Por Cesáreo Silvestre Peguero.
Se hace sano el enjuiciar, cuando quien encausa se mide por enjuiciar su propio proceder; si siempre actuáramos con el nivel de conciencia que ello amerita, poniéndonos en lugar de los demás, lográramos proceder con menos ligereza y destemplados prejuicios.
Un hombre estaba caminado a lo largo del muelle de la bahía de chesapeke en la isla de Kent. El sol brillaba. Un inmenso yate blanco cruzó, y un juicioso se pregunto: a que persona rica pertenecerá.
¿No podría tanto dinero utilizarse mejor para ayudar a los pobres?, de pronto se sintió inquieto por una idea que vino a su mente: ¿No tengo yo ahorros mayores que un estadounidense pobre que pudiera ahorrar, y más de lo que un ciudadano de un país del tercer mundo pudiera ganar en toda su vida?

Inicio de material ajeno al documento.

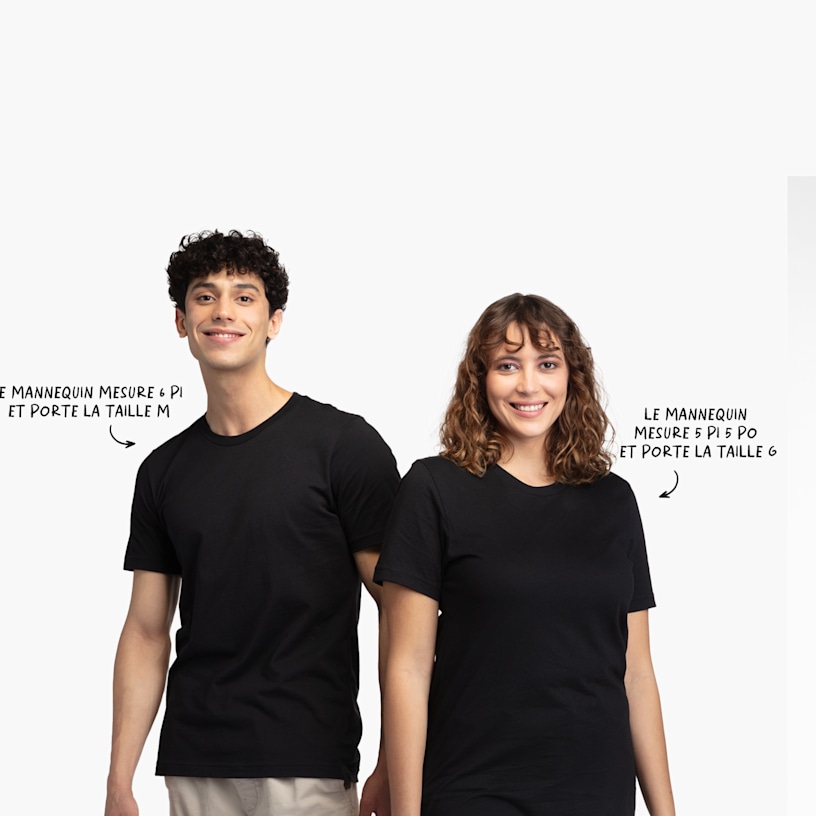 Un modèle masculin et un modèle féminin portant des t-shirts noirs simples. Le modèle masculin mesure 6 pieds et porte une taille moyenne, et le modèle féminin mesure 5,5 pieds et porte une taille large.    
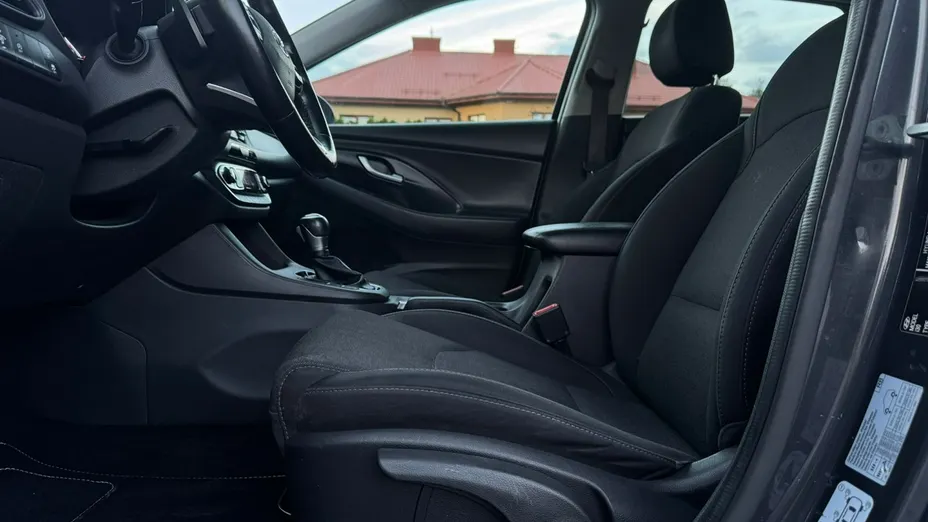 HYUNDAI i30 -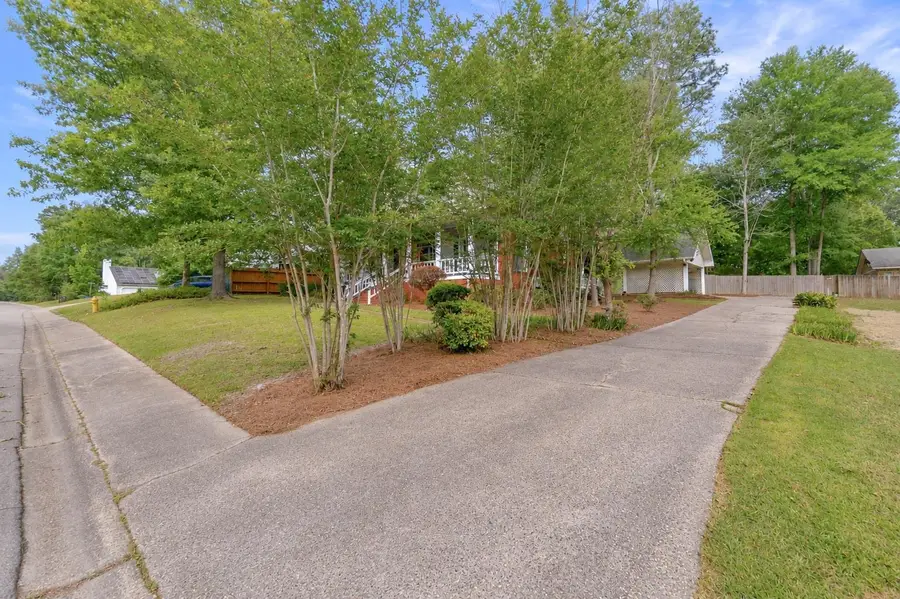 207 Kensington Dr., Hattiesburg, MS 39402 - #3
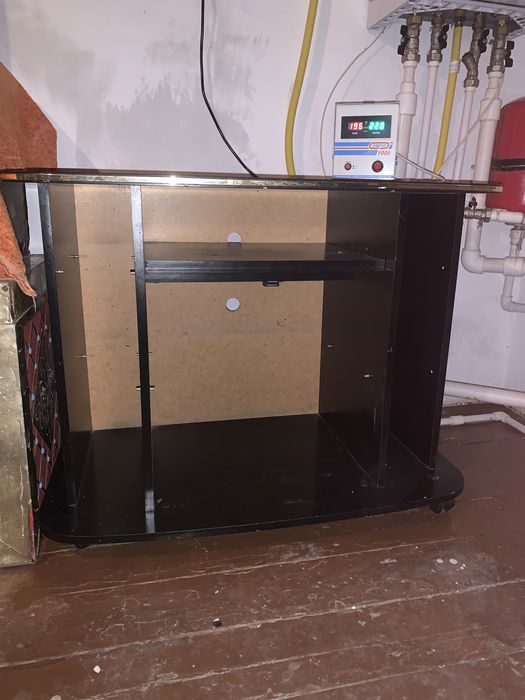 Телевизор с подставкой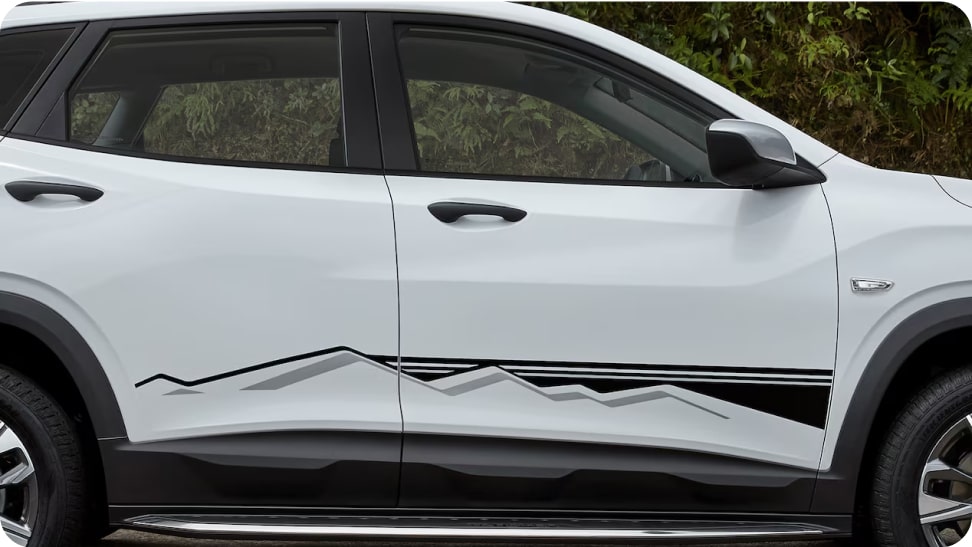 Imagem dos adesivos de porta da linha de acessórios originais Chevrolet para o Tracker 2026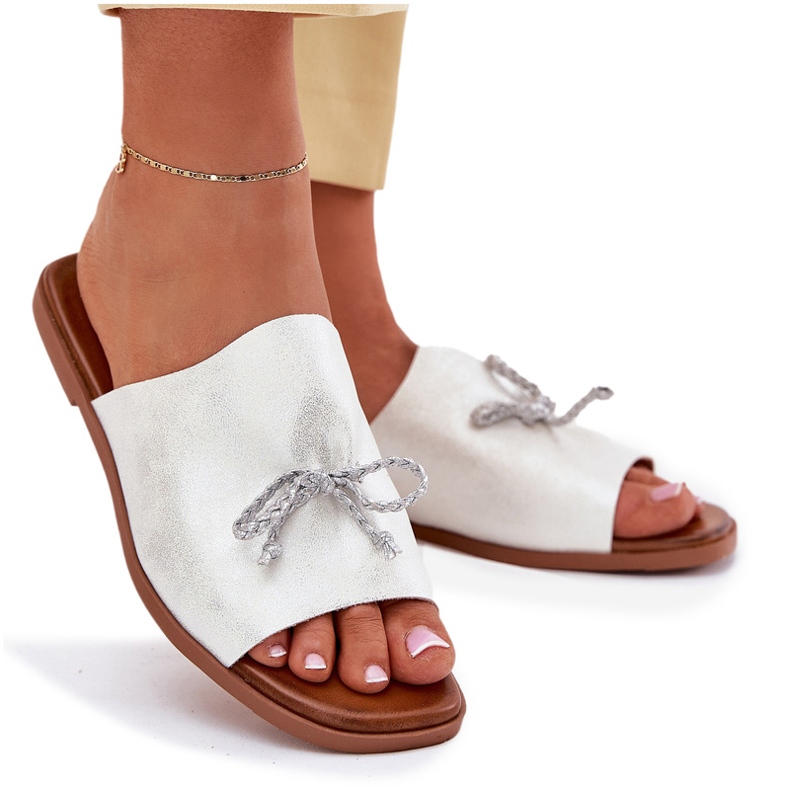 EVento Chanclas de mujer de late plana con un frasco decorativo de plata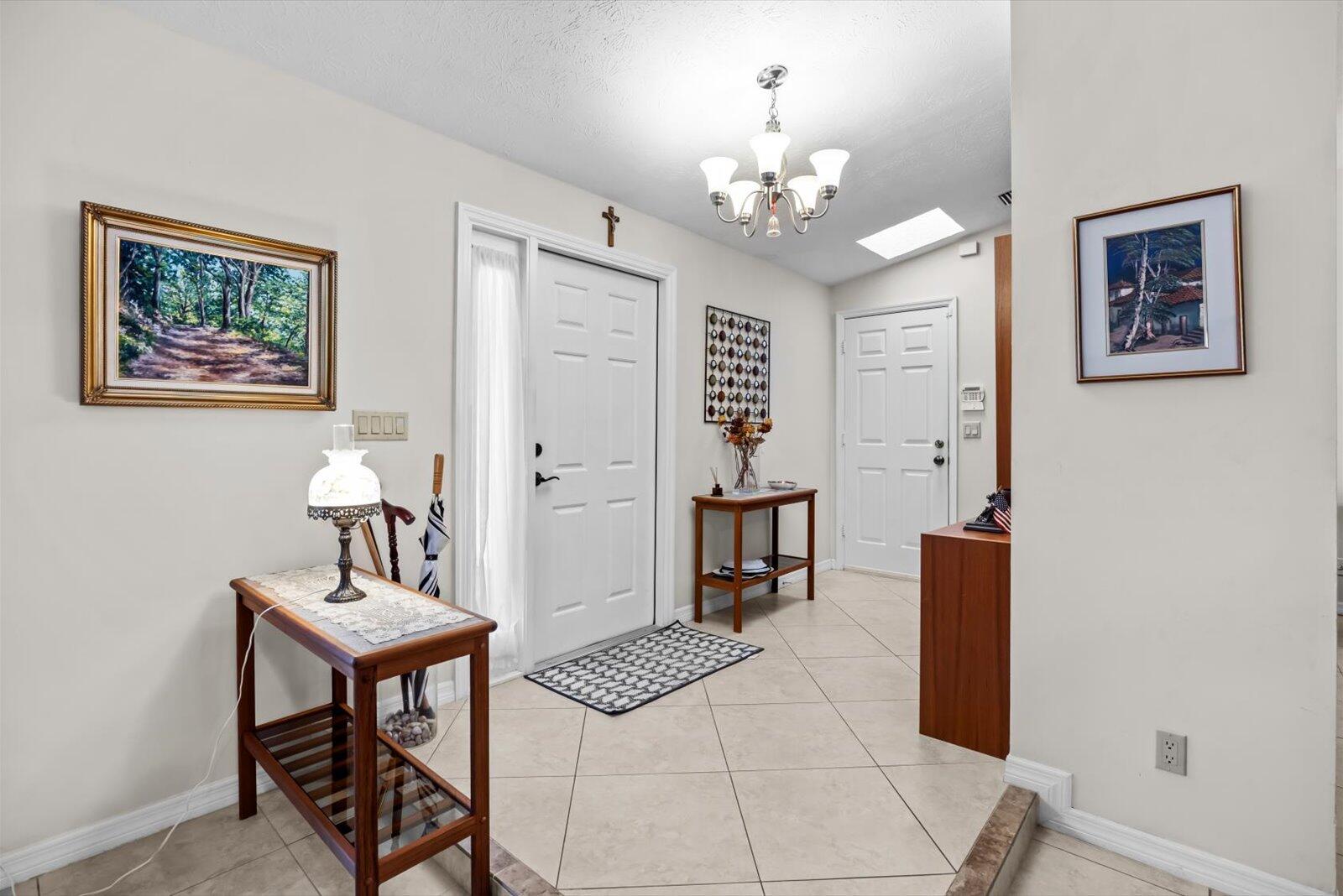 Pinecrest Lakes - Residential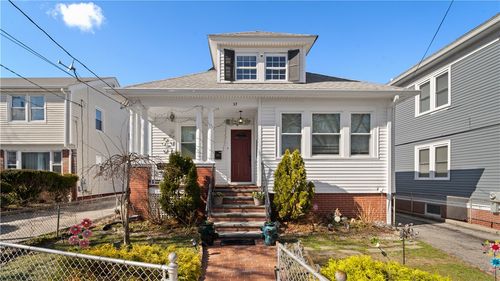 27 Shafter St, Providence, RI, 02909-3805 | Card Image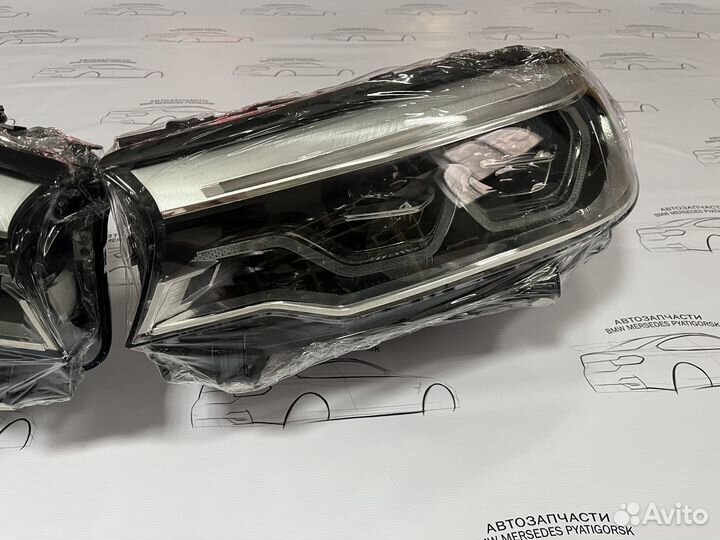 Комплект передних фар BMW G30 LED adaptive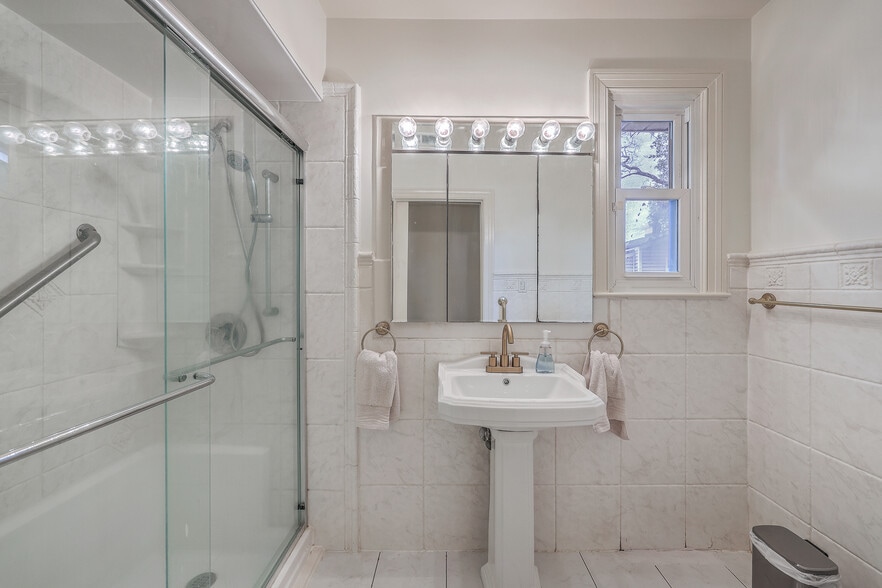 More Photos Of 1251 Remount Rd, North Charleston Medical For Lease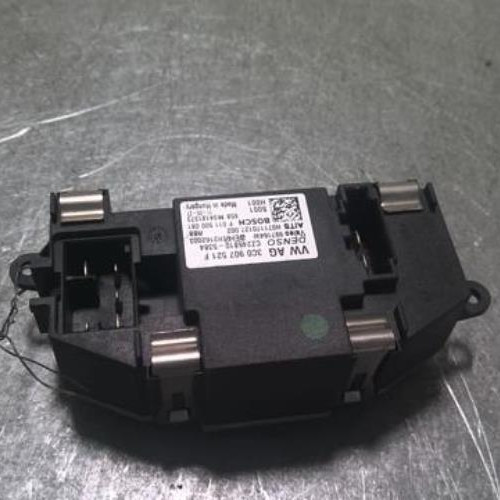 30723603-87cf2a20-1b15-4c1c-9912-a4df9f0c7c27-Piece-30723603-Resistance-chauffage-1K0963235H-VOLKSWAGEN-GOLF-6-16-TDI-16V-TURBO-261679fb59edfa5bd304e1c50e822c2cc0459502c48048737ae4fc3bd8aad681_m.jpg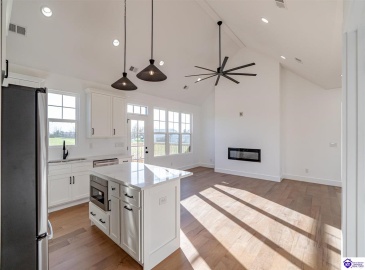 Boundary Oak Dr, Buffalo, Kentucky 42716, ,3 BathroomsBathrooms,For Sale,Boundary Oak Dr,HK24004490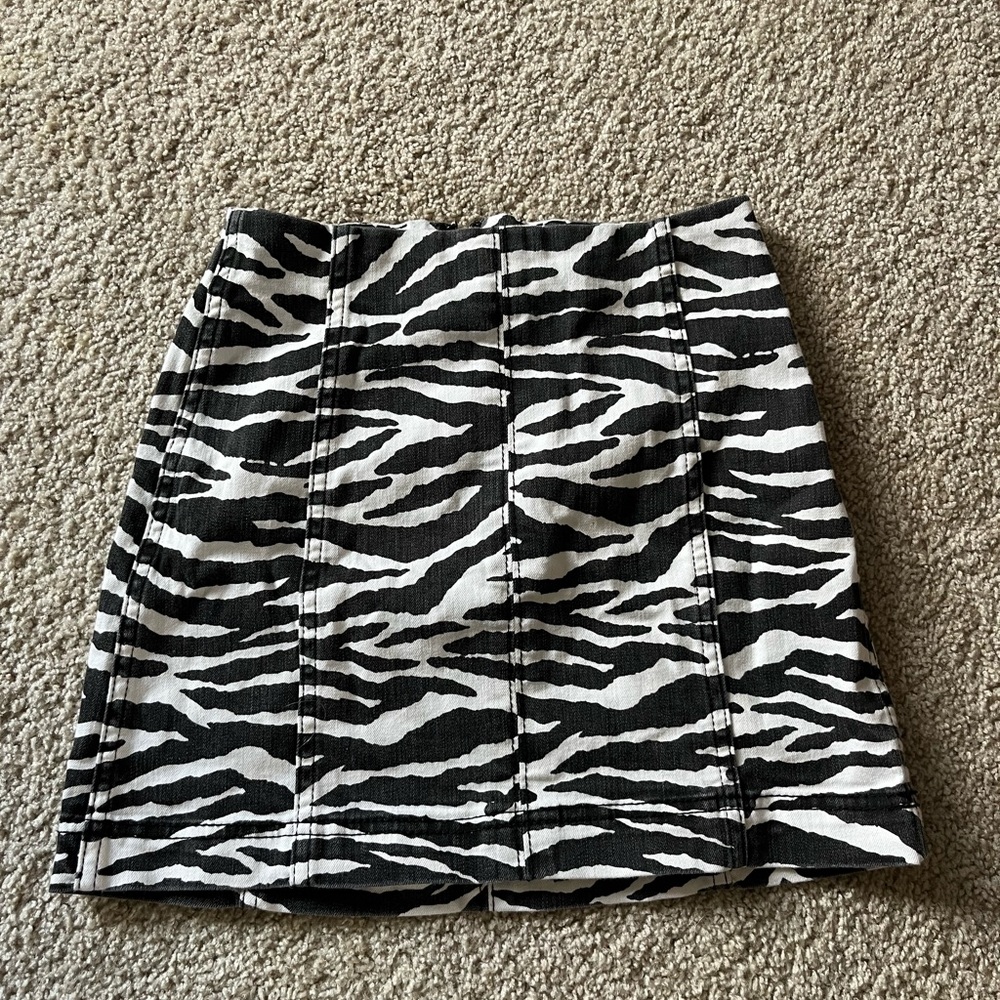 Wild Fable Black and White Zebra Pencil Skirt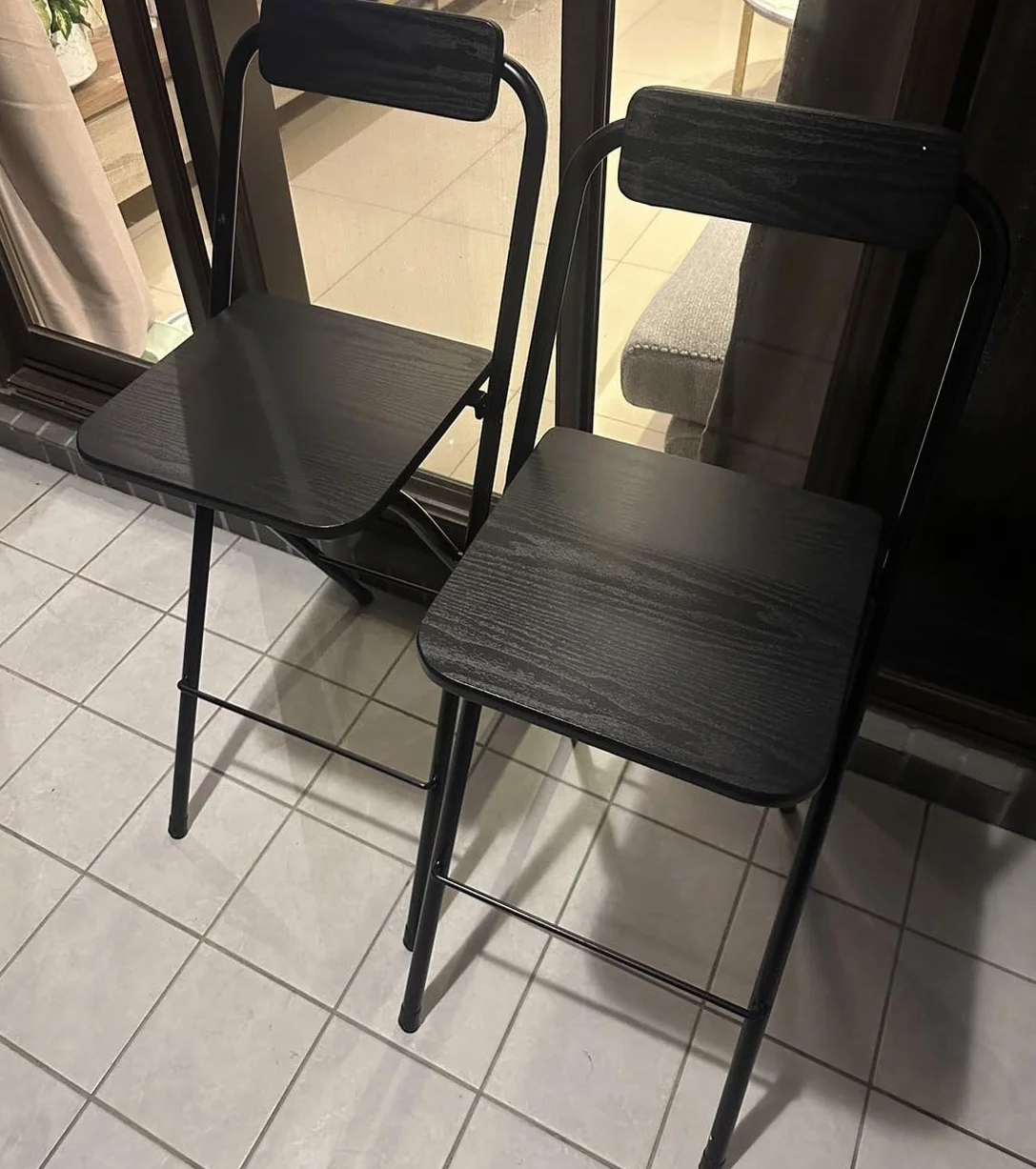 Składany stołek barowy o wysokości 60 cm nowoczesne siedzisko kuchenne z oparciem i podnóżkiem kwadratowy design 120 kg pojemność stylowy czarny kolor do użytku domowego i baru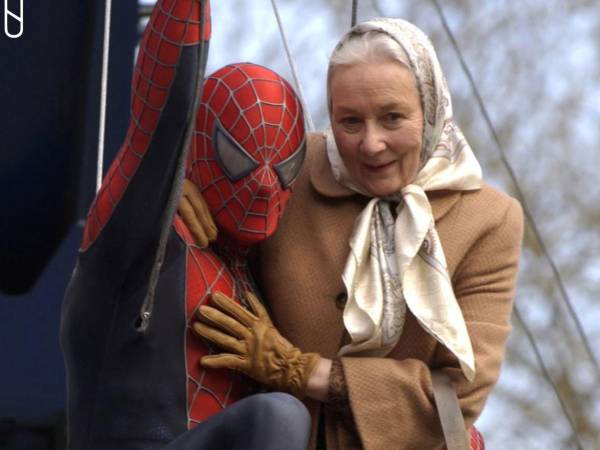 Rosemary Harris, la actriz británica que conquistó a varias generaciones como la entrañable tía May en la trilogía de Spider-Man dirigida por Sam Raimi, celebró el pasado 19 de septiembre sus 99 años, manteniendo vigente una trayectoria que abarca más de siete décadas entre el teatro, el cine y la televisión.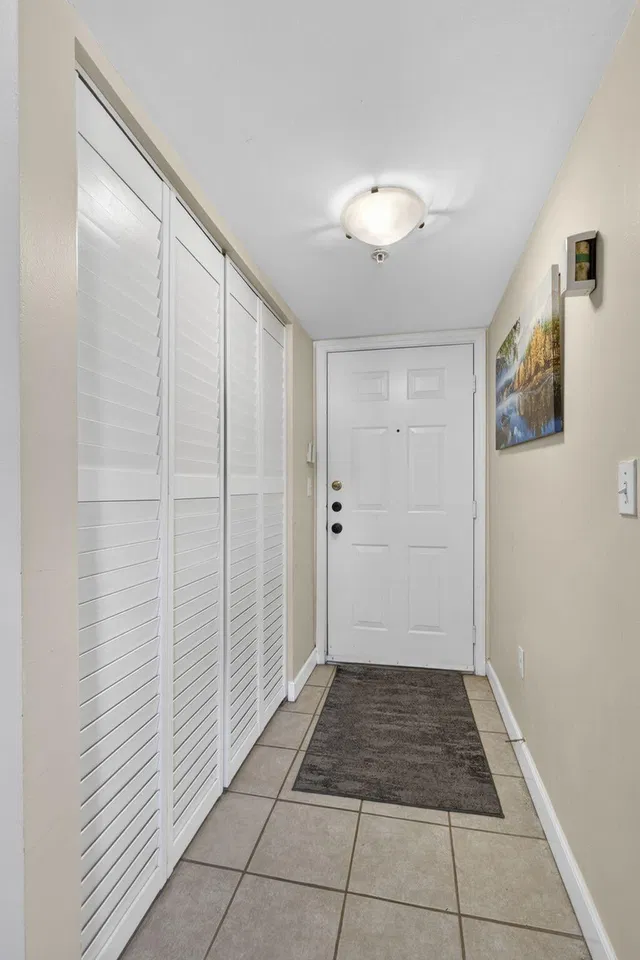  Unit 809 photo 8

Y se dijo asimismo: ¿qué me impide dedicar más de mi dinero para ayudar a personas hambrientas y sin hogar, o sin servicios de salud, aquí y en otras naciones? ¿Si yo juzgo al dueño de este yate no soy como los fariseos a quien Jesús reprendió?
Después de meditar con humildad, regresó a su casa comprometido a aumentar sus ofrendas para el año próximo y ser un mejor mayordomo de los recursos que Dios le concedió. Accionar más que hablar, así se debe actuar.